LOS ANGELES Yes, one of the pioneering British progressive-rock groups that thrived long before disco, punk rock and rap pounded from subwoofers, kicks off a new U.S. tour on Friday.
Joining such other indestructible '60s-era war horses as the Rolling Stones, Fleetwood Mac and The Who, Yes take to the road in West Wendover, Nevada with a new twist on some of their old classics.
So what can fans expect from the band whose grand, symphonic style, cosmic lyrics and arcane album titles (think "Tales from Topographic Oceans") helped define the late 1960s and 1970s?
"Something completely different - and a first for us," said bassist Chris Squire, who co-founded the band in 1968.

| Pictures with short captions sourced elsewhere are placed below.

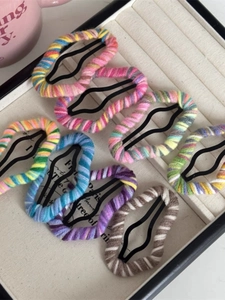 Detailed view of colorful knitted yarn wrapped metal hair clips in a jewelry box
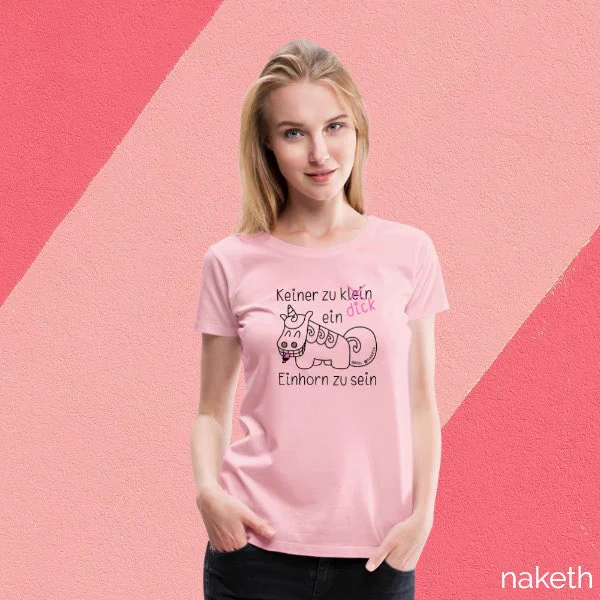 Foto eines Models, das ein T-Shirt in hellrosa trägt. Darauf ist ein Design von Purzel, dem tollpatschigen Einhorn abgedruckt. Dieses zeigt einen grinsenden Purzel mit einem Leuchtmarker im Maul. Darüber steht: "Keiner zu klein, ein Einhorn zu sein." Das Wort "klein" ist durchgestrichen und durch das Wort "dick" ersetzt.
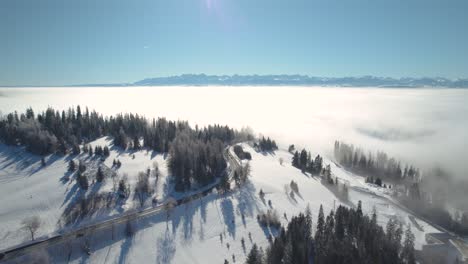 Aerial-View-of-Cars-Driving-into-Sea-of-Clouds-in-Sunny-Winter-Day,-4K-Drone-Footage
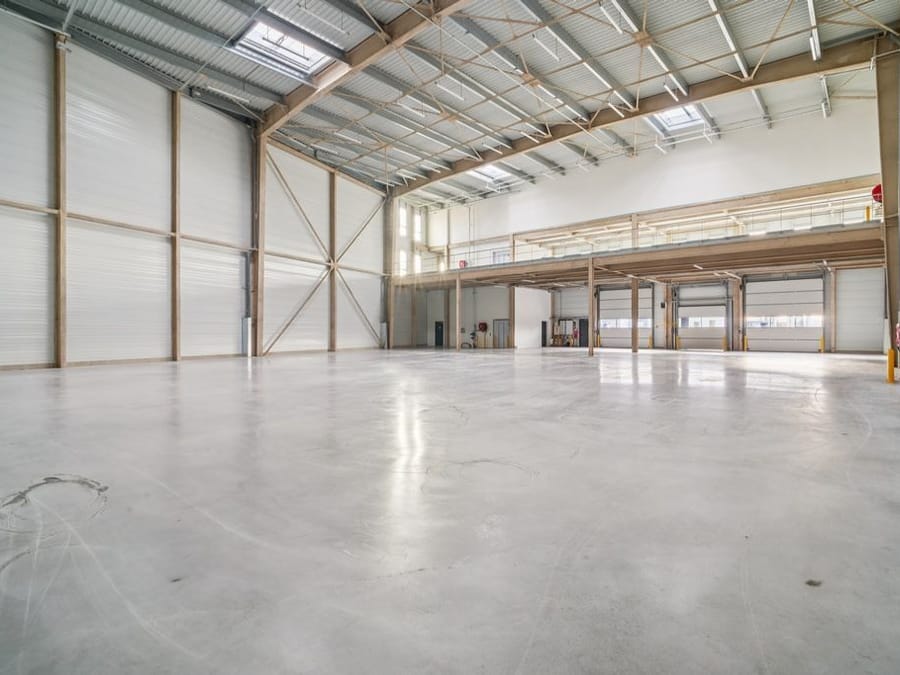 Entrepôt logistique vide, sol béton lissé après passage de l'autolaveuse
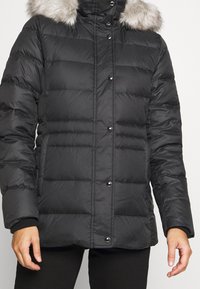 Chaqueta de plumas negra con un cuello alto, con un ribete de pelo sintético desmontable, diseño acolchado y botones a presión negros en el frente.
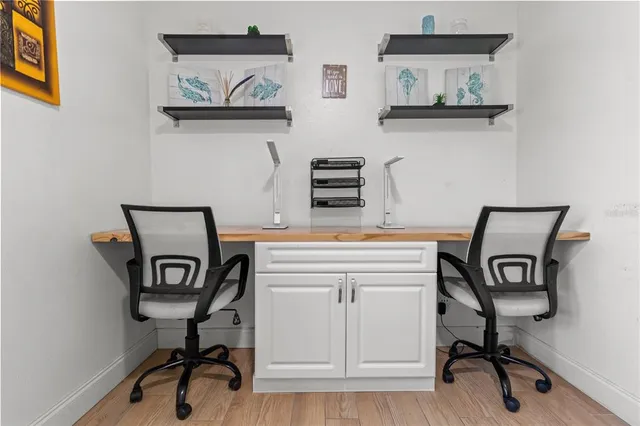 a view of a workspace with furniture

"We don't have a new album, so instead we're going to perform three of our classic albums - 'The Yes Album,' 'Close to the Edge' and 'Going for the One,' all in their entirety, at each show. And the fans all seem to love the idea," Squire told Reuters.
Squire, who is hitting the road with guitarist Steve Howe, singer Jon Davison, drummer Alan White and keyboardist Geoff Downes, admits that the concept is ambitious.
But he notes that the original vinyl releases were each about 40 minutes long.
"It's not that staggering in terms of length," Squire said. "Each show will be about two hours - far shorter than a Bruce Springsteen concert."
Choosing three albums from a catalog of some 20 releases spanning five decades was not so difficult, Squire said.
"We looked at all our albums, and it was obvious that these three worked well together and really represent the band," Squire added.
"'The Yes Album' was the first to get us recognized on the world stage, and 'Close to the Edge' was the first time we did one track that lasted the whole side of an album, so that was a landmark. And 'Going for the One' was the first time we recorded outside the UK, so that had its own unique flavor," he said.
Yes last toured in support of their 2011 album, "Fly from Here", underlining the continuing appeal of 1970s-era classic rock.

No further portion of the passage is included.